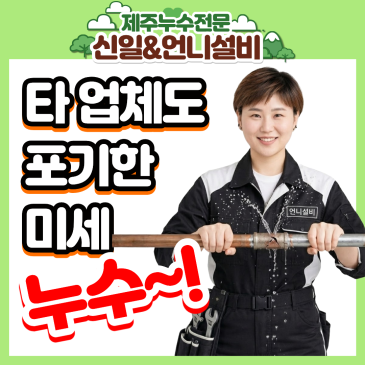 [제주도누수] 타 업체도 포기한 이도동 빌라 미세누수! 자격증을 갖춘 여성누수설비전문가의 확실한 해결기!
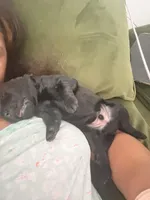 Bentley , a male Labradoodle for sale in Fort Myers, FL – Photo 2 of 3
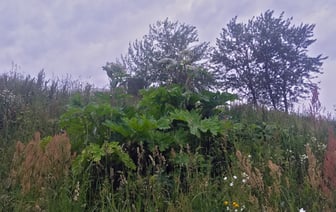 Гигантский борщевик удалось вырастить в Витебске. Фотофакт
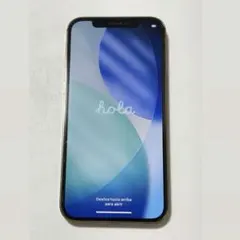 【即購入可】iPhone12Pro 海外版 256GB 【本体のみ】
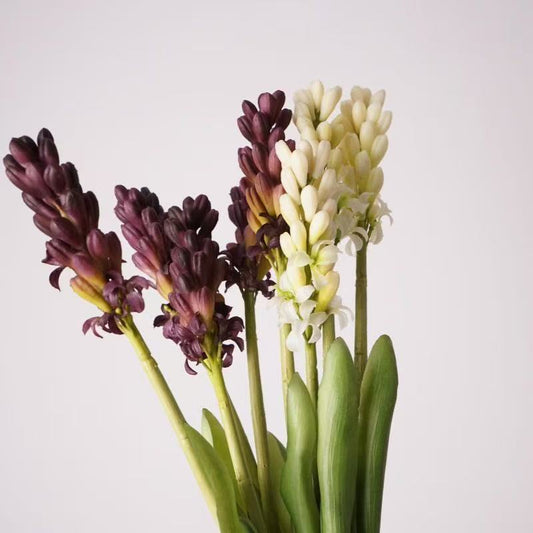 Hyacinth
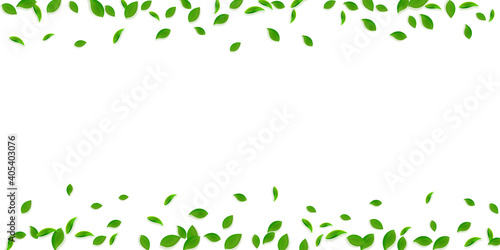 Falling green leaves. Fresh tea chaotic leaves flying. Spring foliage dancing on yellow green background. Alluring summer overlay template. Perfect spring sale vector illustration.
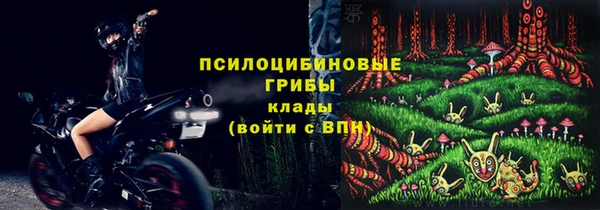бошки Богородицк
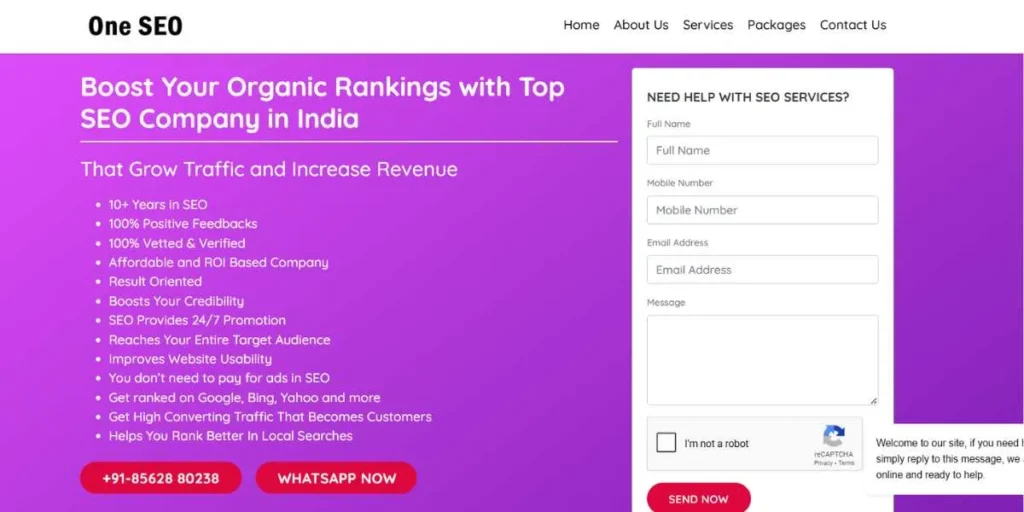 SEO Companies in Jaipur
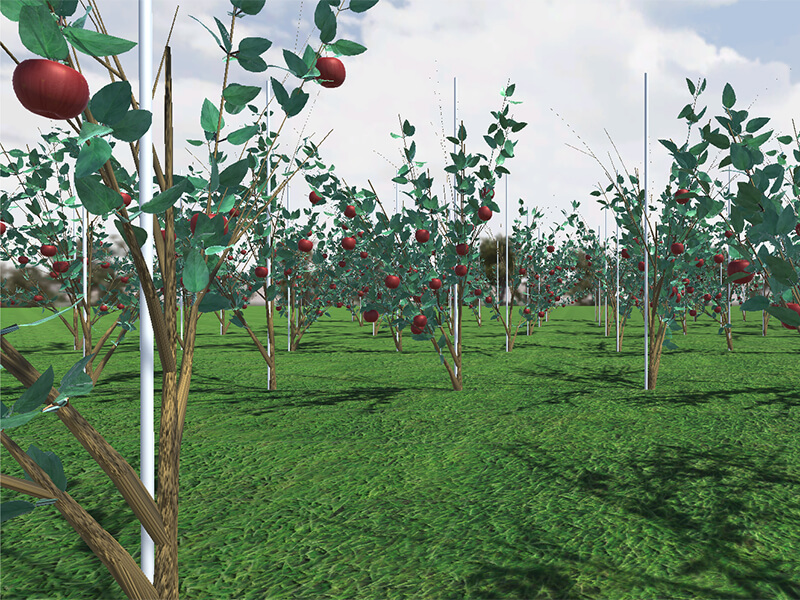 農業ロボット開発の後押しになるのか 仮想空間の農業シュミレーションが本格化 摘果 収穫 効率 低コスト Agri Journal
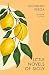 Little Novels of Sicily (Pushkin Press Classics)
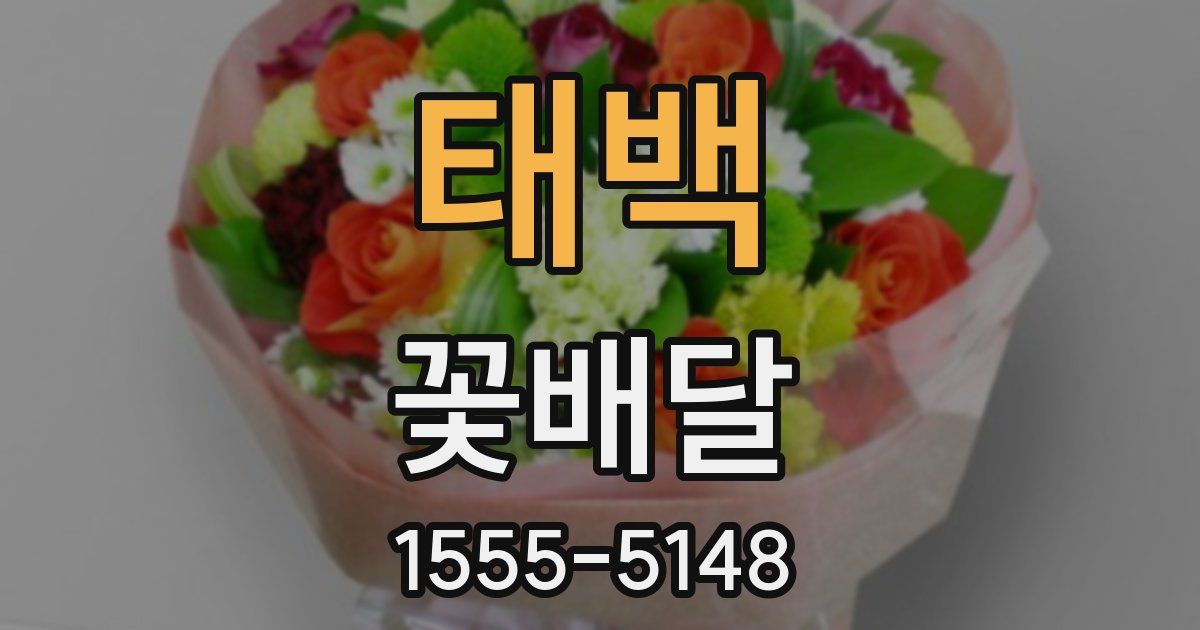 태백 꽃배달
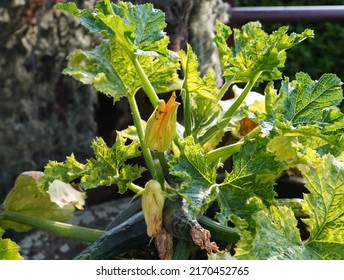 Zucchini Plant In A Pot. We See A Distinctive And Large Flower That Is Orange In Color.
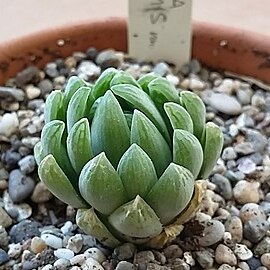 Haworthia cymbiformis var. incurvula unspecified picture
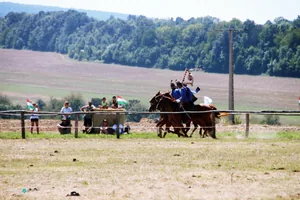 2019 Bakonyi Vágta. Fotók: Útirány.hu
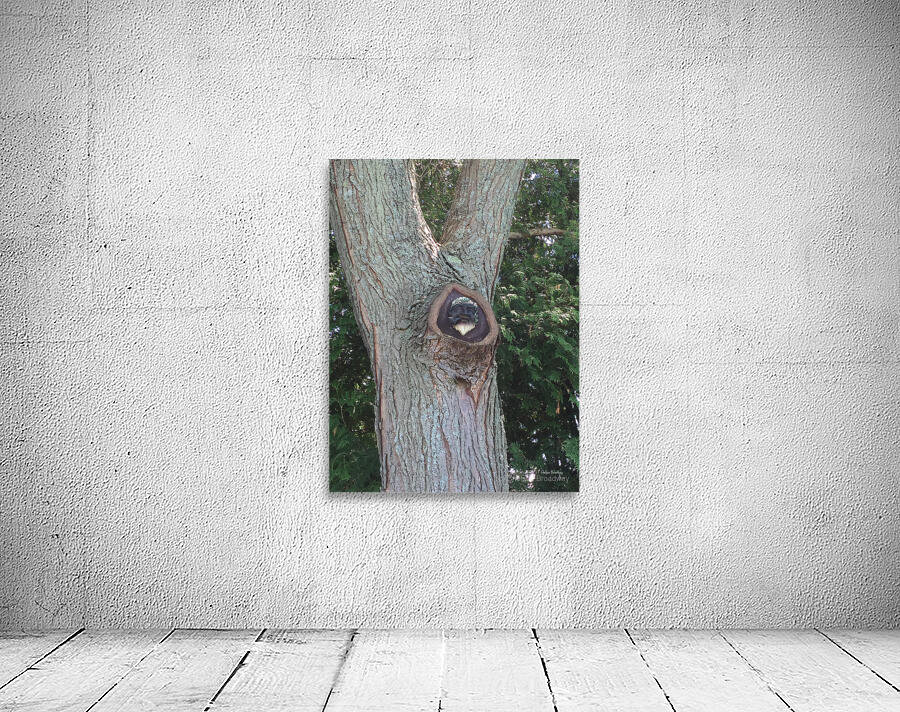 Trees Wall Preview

##############################

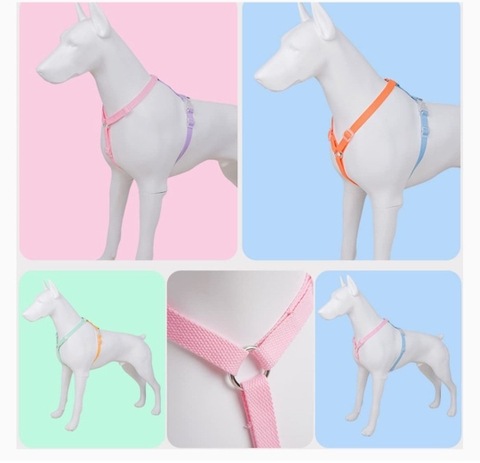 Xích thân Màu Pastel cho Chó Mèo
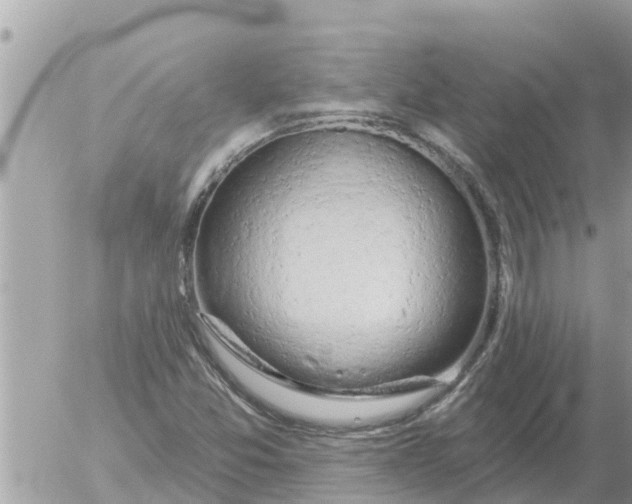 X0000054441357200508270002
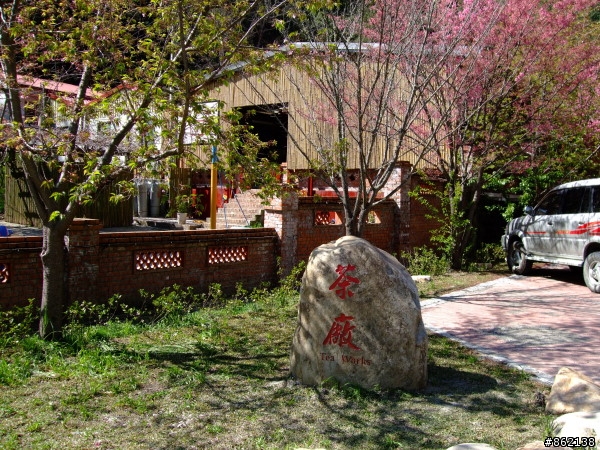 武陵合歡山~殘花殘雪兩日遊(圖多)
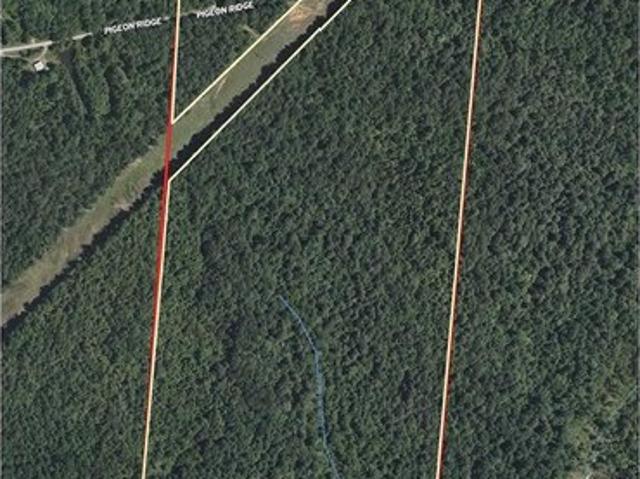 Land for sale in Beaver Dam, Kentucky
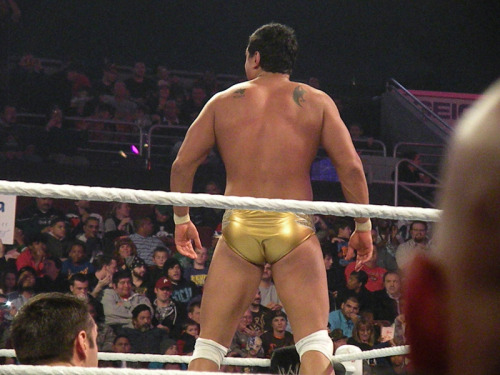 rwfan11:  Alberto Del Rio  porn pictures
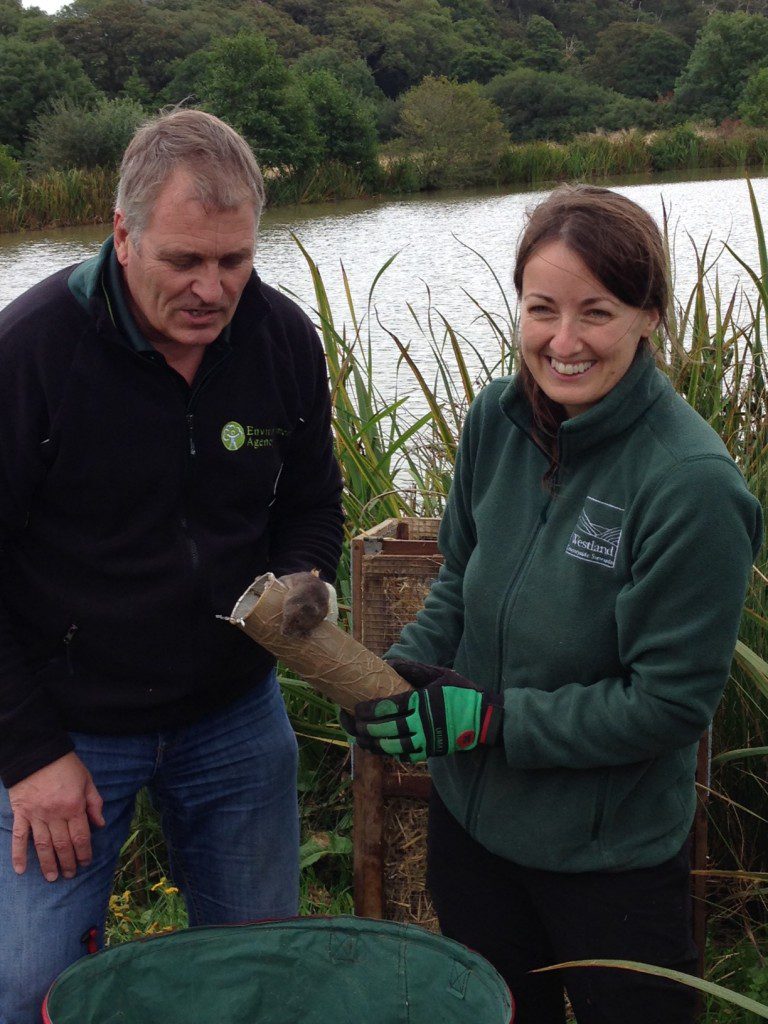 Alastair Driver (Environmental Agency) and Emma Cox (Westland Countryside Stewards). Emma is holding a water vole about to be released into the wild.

##############################

Requirement: Print, word for word, the lines above that run from the line containing "海外版 256GB 【本体のみ】" to the line containing "Trees Wall Preview", both included. Keep the pictures out.

Completed task:
 【即購入可】iPhone12Pro 海外版 256GB 【本体のみ】
 Hyacinth
 Falling green leaves. Fresh tea chaotic leaves flying. Spring foliage dancing on yellow green background. Alluring summer overlay template. Perfect spring sale vector illustration.
бошки Богородицк
 SEO Companies in Jaipur
 農業ロボット開発の後押しになるのか 仮想空間の農業シュミレーションが本格化 摘果 収穫 効率 低コスト Agri Journal
 Little Novels of Sicily (Pushkin Press Classics)
 태백 꽃배달
 Zucchini Plant In A Pot. We See A Distinctive And Large Flower That Is Orange In Color.
 Haworthia cymbiformis var. incurvula unspecified picture
 2019 Bakonyi Vágta. Fotók: Útirány.hu
 Trees Wall Preview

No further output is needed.